Influx db error: Re-queuing x elements, failed to write batch, cache-max-memory-size exceeded

stefan.hoehn · September 15, 2023, 7:41pm

I am on openHAB 4.1.0.M1

Since a few days I am getting the following error:

[DEBUG] [rnal.influx1.InfluxDB1RepositoryImpl] - Writing to database failed
org.influxdb.InfluxDBException$CacheMaxMemorySizeExceededException: engine: cache-max-memory-size exceeded: (1074461556/1073741824)
	at org.influxdb.InfluxDBException.buildExceptionFromErrorMessage(InfluxDBException.java:153) ~[?:?]

....

[WARN ] [.influxdb.InfluxDBPersistenceService] - Re-queuing 2118 elements, failed to write batch.

The first time I encountered this. I stopped influx (stopped, started zram) and restarted openHAB and didn’t have an error … for some time.

No it has reappeared. I read in a German forum a post of August that there was a type issue but that wasn’t available in a snapshot by then but I cannot find anything.

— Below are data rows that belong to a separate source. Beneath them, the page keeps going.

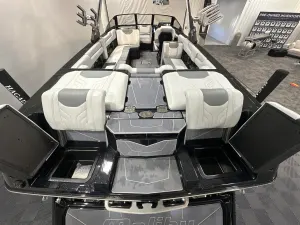 2025 Malibu Boats Wakesetter 25 LSV for sale in , 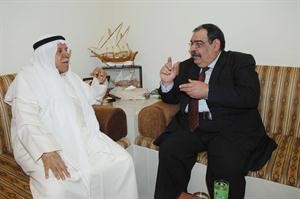 فرحان الزامل متحدثا الى الزميل منصور الهاجري محمد ماهر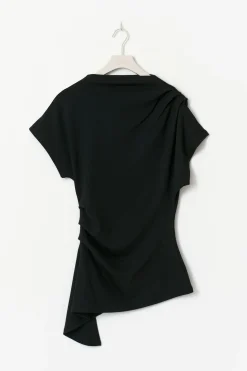 Asymmetric funnel neck top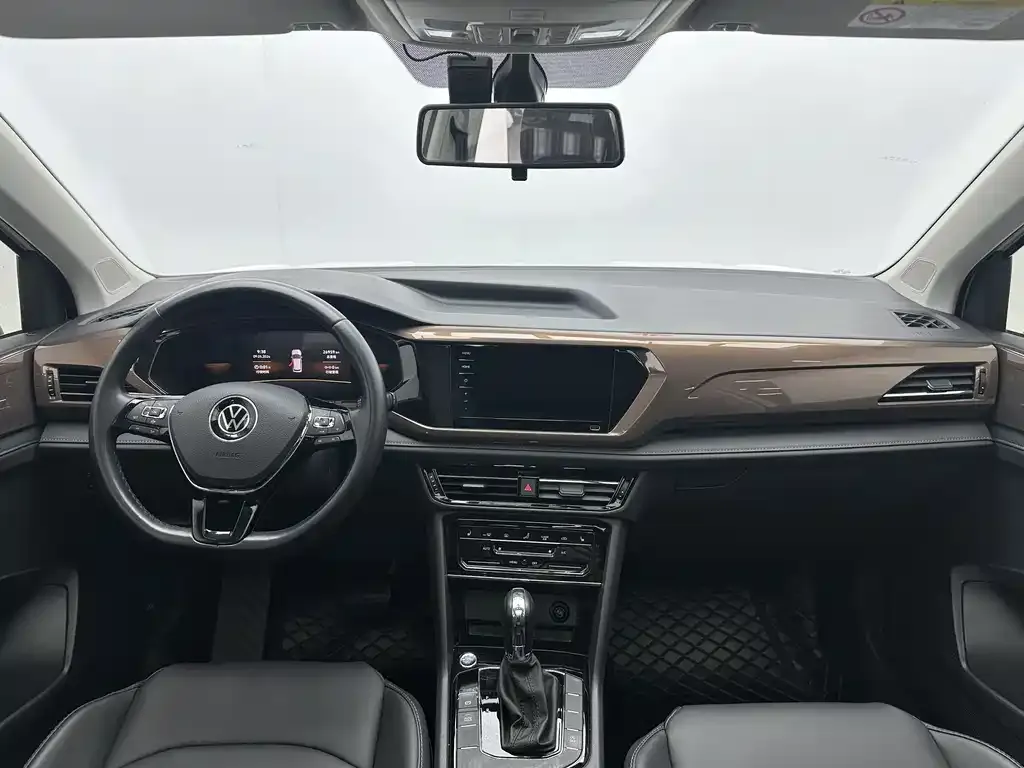 Volkswagen Tharu — фото 9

Now I stopped influxdb and then tried to restart and it doesn’t even start again:

Sep 15 21:43:53 openhabian systemd[1]: Stopped InfluxDB is an open-source, distributed, time series database.
░░ Subject: A stop job for unit influxdb.service has finished
░░ Defined-By: systemd
░░ Support: https://www.debian.org/support
░░
░░ A stop job for unit influxdb.service has finished.
░░
░░ The job identifier is 25587 and the job result is done.
Sep 15 21:43:53 openhabian systemd[1]: influxdb.service: Start request repeated too quickly.
Sep 15 21:43:53 openhabian systemd[1]: influxdb.service: Failed with result 'exit-code'.
░░ Subject: Unit failed
░░ Defined-By: systemd
░░ Support: https://www.debian.org/support
░░
░░ The unit influxdb.service has entered the 'failed' state with result 'exit-code'.
Sep 15 21:43:53 openhabian systemd[1]: Failed to start InfluxDB is an open-source, distributed, time series database.
░░ Subject: A start job for unit influxdb.service has failed
░░ Defined-By: systemd
░░ Support: https://www.debian.org/support
░░
░░ A start job for unit influxdb.service has finished with a failure.
░░
░░ The job identifier is 25587 and the job result is failed.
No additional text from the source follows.